There are few savory dishes I won’t attempt or that I feel intimidated by. That’s not to say they would taste good or look the way they’re supposed to, but I’d give it a shot and try to get it right.
Have you looked at a recipe or dish and been put off by the number of ingredients, the ingredients you’ve not heard of, or the time or equipment involved? Only you can judge your level of ability or patience to tackle something, but pushing the envelope and getting out of your comfort zone can lead you to some pretty amazing experiences. Even the failures are good because you know what to fix next time out.
The list of savory dishes I want to try includes several I’d like to get right, but they remain on the wish list, only because I’ve had no time or can’t find something I need to get on with it. It’s not because they’re scary.
Baking, on the other hand, feels like steering the ship into waters beyond which there be dragons. The baking list is made up of things that scare me. You can instinct your way through a Moroccan stew, to a point, but baking is chemistry requiring a level of precision with a smaller margin of error.
Screw up the Moroccan stew, and people will taste it and think, “Well, this is good, but I’ve never been to Morocco, so I guess it’s right.” Screw up a cake, and it’s evident with a glance or a single bite, no matter what your experience or origin.

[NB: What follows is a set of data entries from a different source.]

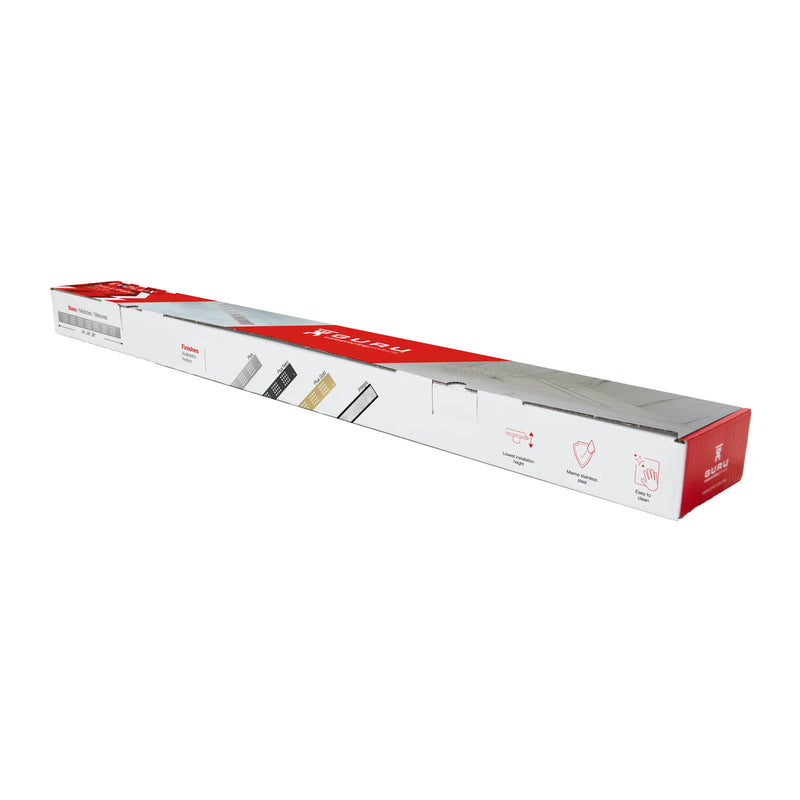 GURU Evolux Tileable Linear Drain & Strainer for Tile Showers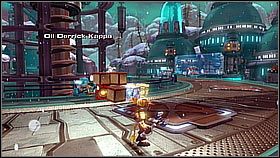 14 - Tombli Outpost | Opis przejścia | Ratchet & Clank A Crack in Time - Ratchet & Clank: A Crack in Time - poradnik do gry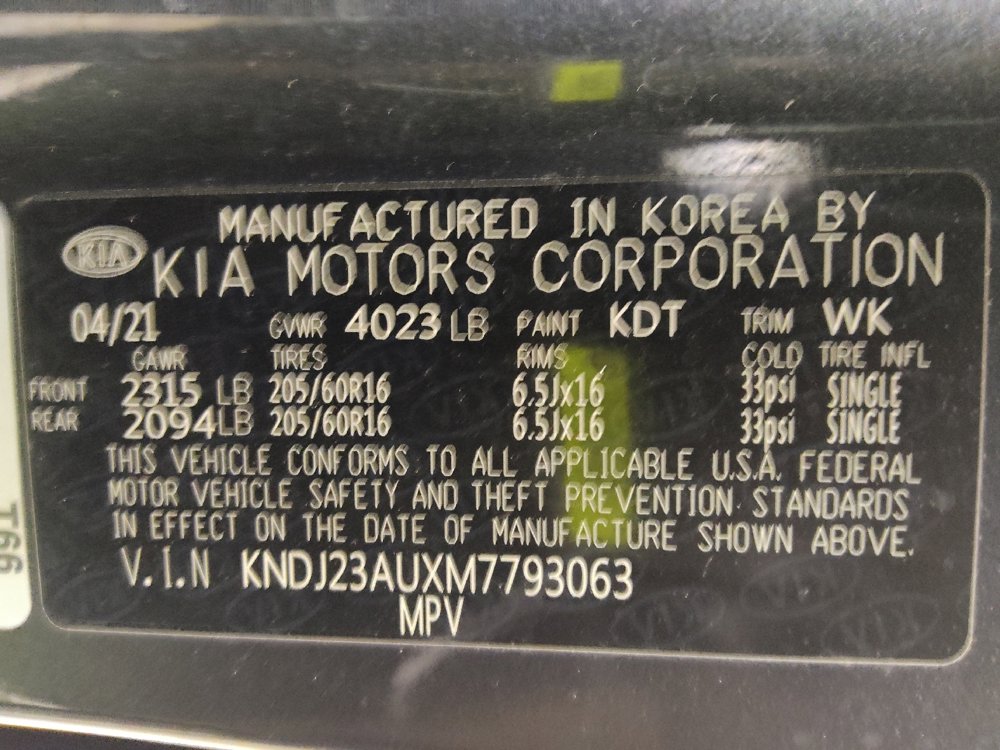 Used 2021 Kia Soul LX FWD image 33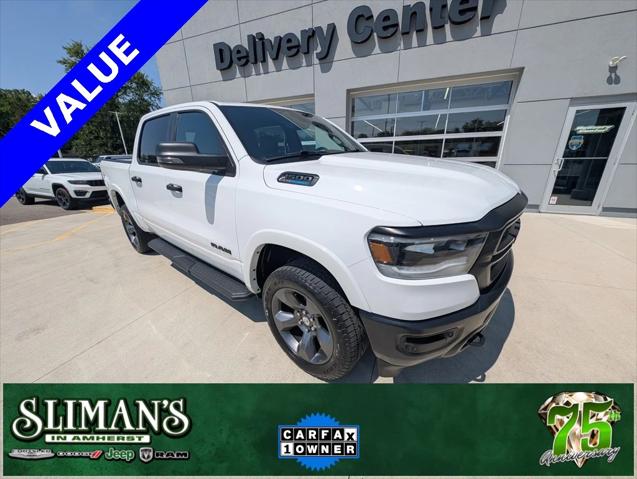 2023 RAM 1500 Big Horn Crew Cab 4x4 57 Box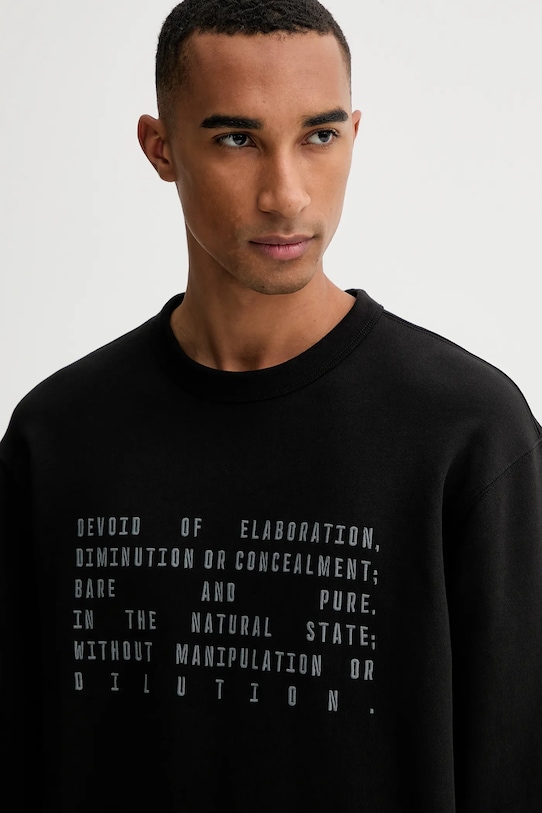 G-Star bluza bawełniana 0 czarny D27094.E209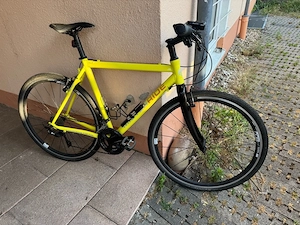 MISTER RIDE Cyclocross   Gravelbike Gr. L   Shimano 105   DT Swiss P1800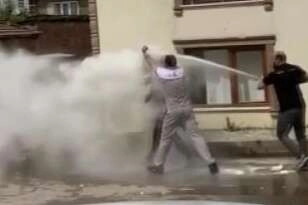 Damadı evlendiğine pişman ettiler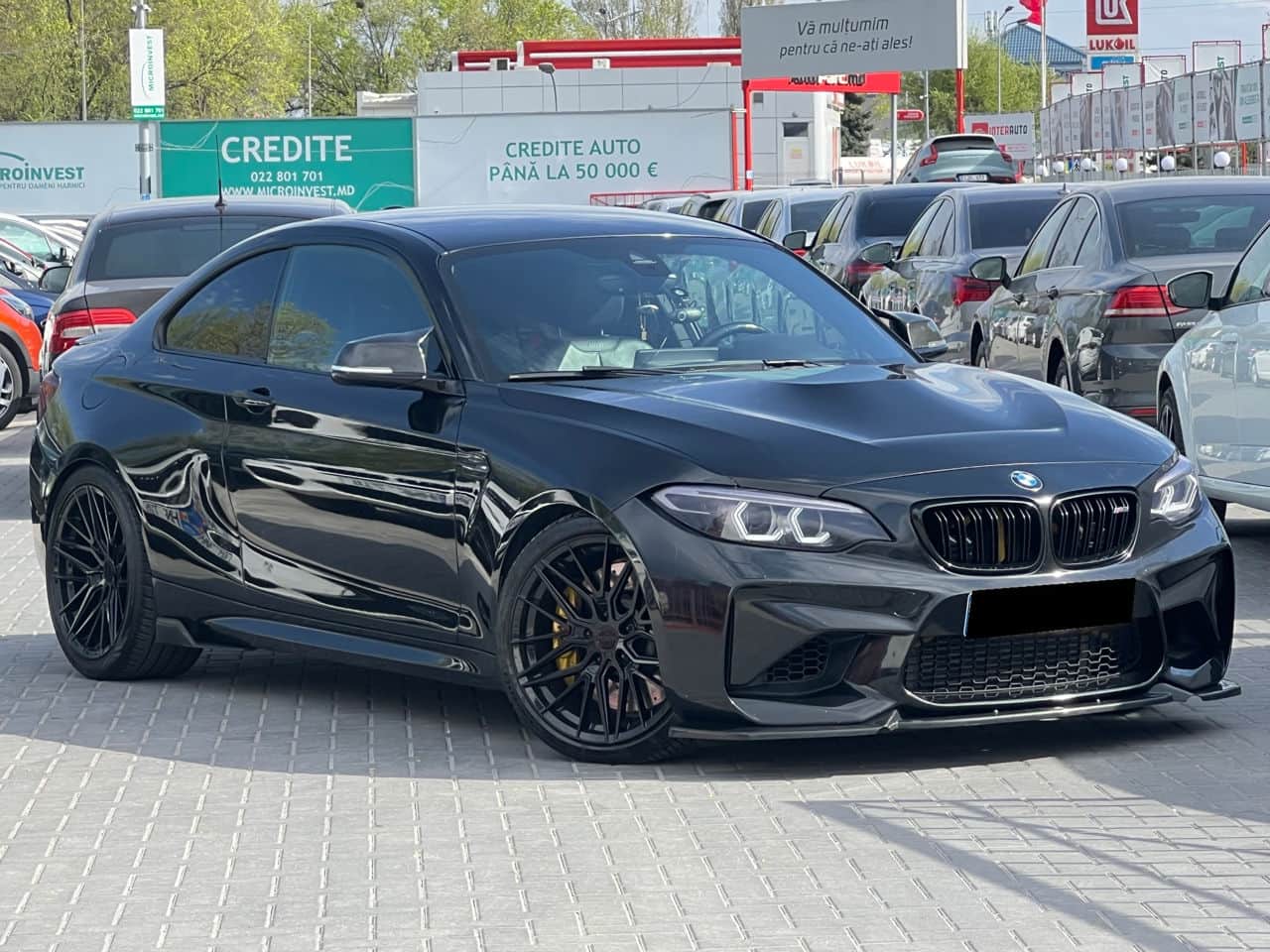 2016 BMW M2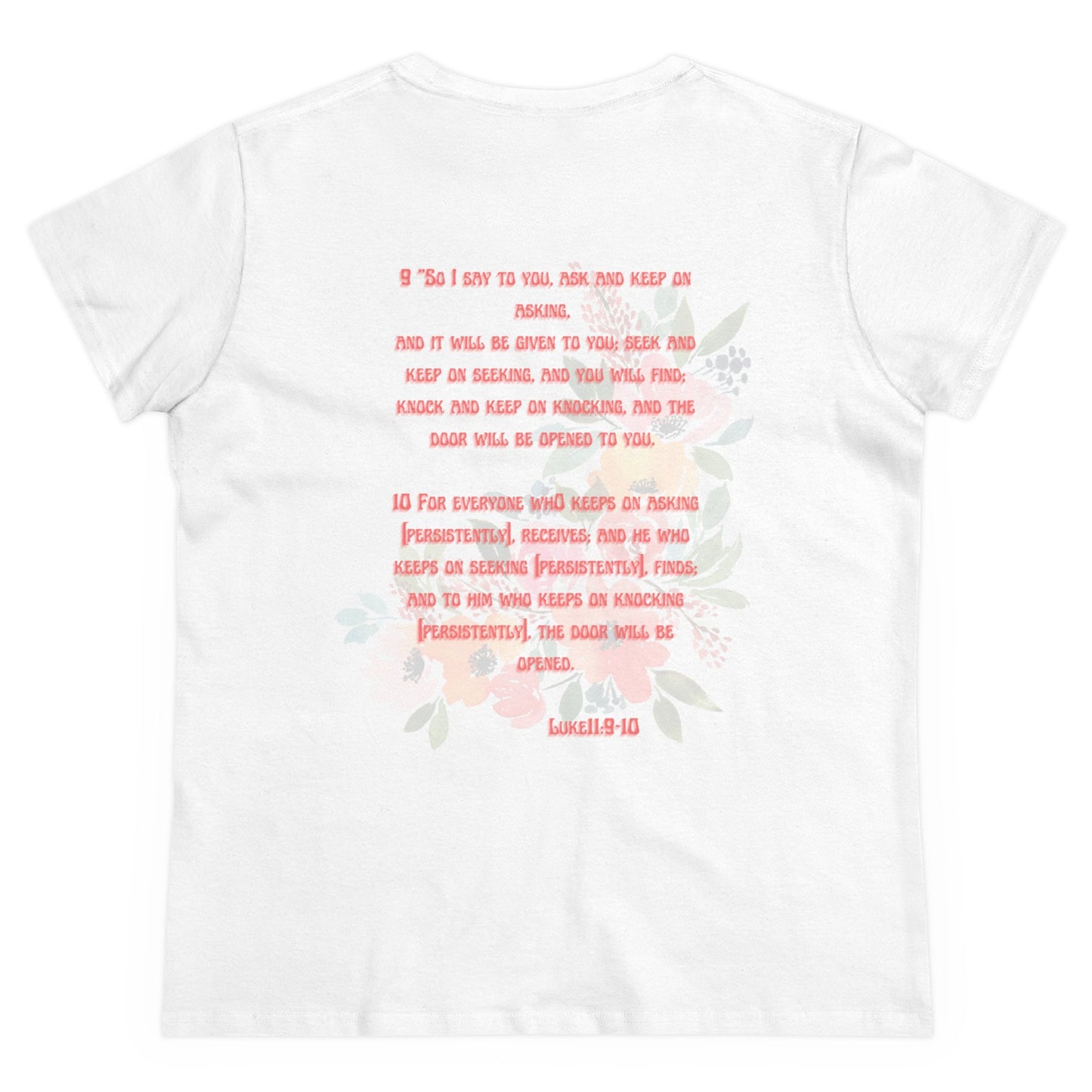 Prayer 2 Women's Midweight Cotton Tee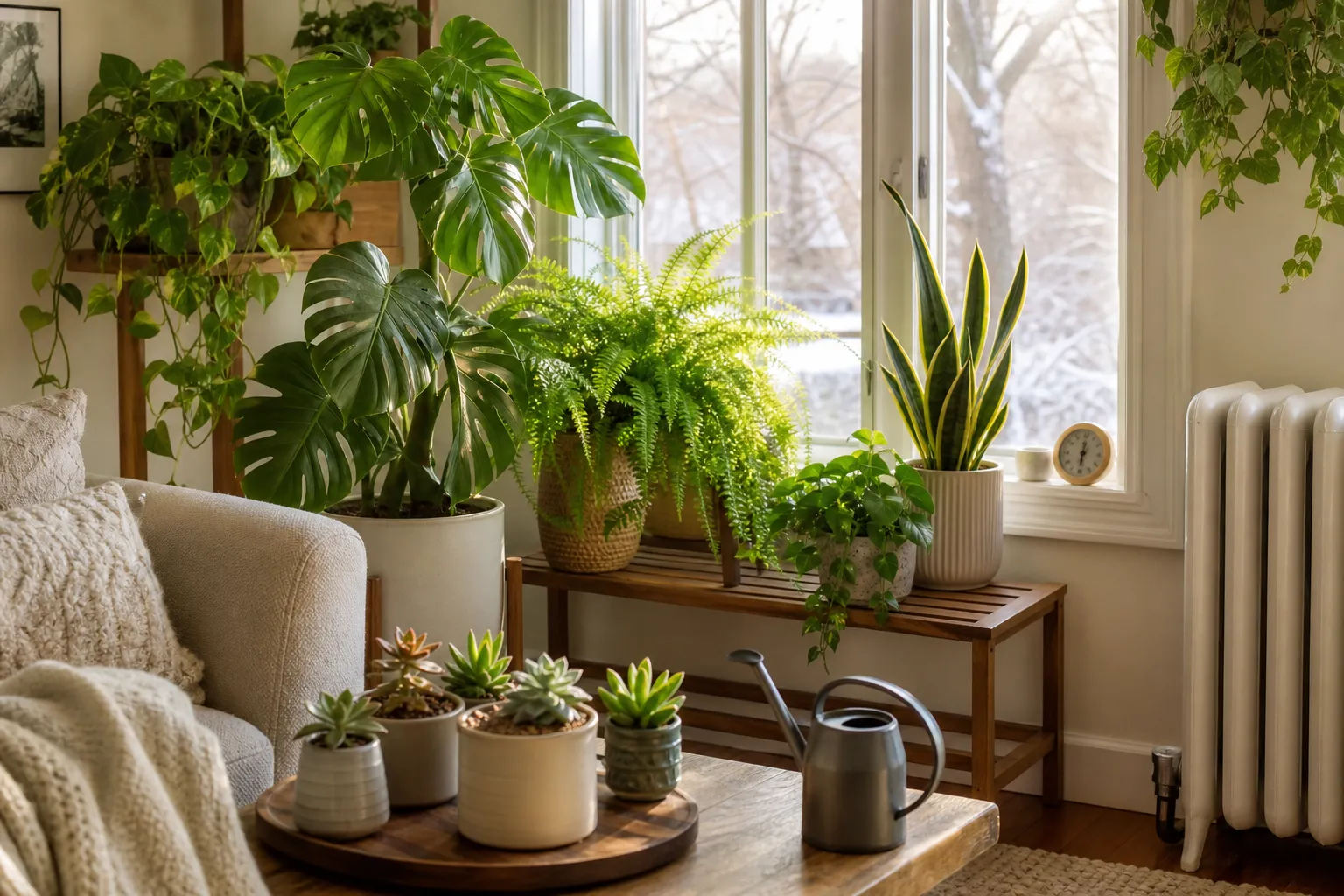 What Really Happens to Houseplants During Winter?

You can taste a stew and know it needs salt or something, but the cake is a commitment once it goes into the oven, and there’s not a lot you can fix.
I want to try cannoli. The excuse, up to now, was that I had no forms to create the little tubes. Now I have four of them in a box in a drawer, waiting for me to get busy. I think three weekends have passed since I found the forms and bought them, and all three of those weekends have begun with the intention to make cannoli. Thankfully something always came up. Maybe this weekend.
Macarons also are lurking in the darkness to smack me down to size. They’re a delicate, little, sweet sandwich made of flavored and tinted meringue and a filling. Reading recipe after recipe, it’s clear there are innumerable places to slip up. My excuse here is that I don’t yet have the fancy template doodad with circular markings to show exactly how big to pipe out the mixture before baking the outer bits.
I think I bought the right-sized piping tip about three months ago. Hopefully I won’t find the template mat anytime soon or I’ll be out of excuses.
Croissants are next, and I have no excuse at all for not trying them before, except that they look hard and take two days. The reward is a flaky, buttery treat — unless you goof. Then I suppose the reward is gluey dough blobs.
Maybe croissants this weekend. There’s just no excuse not to.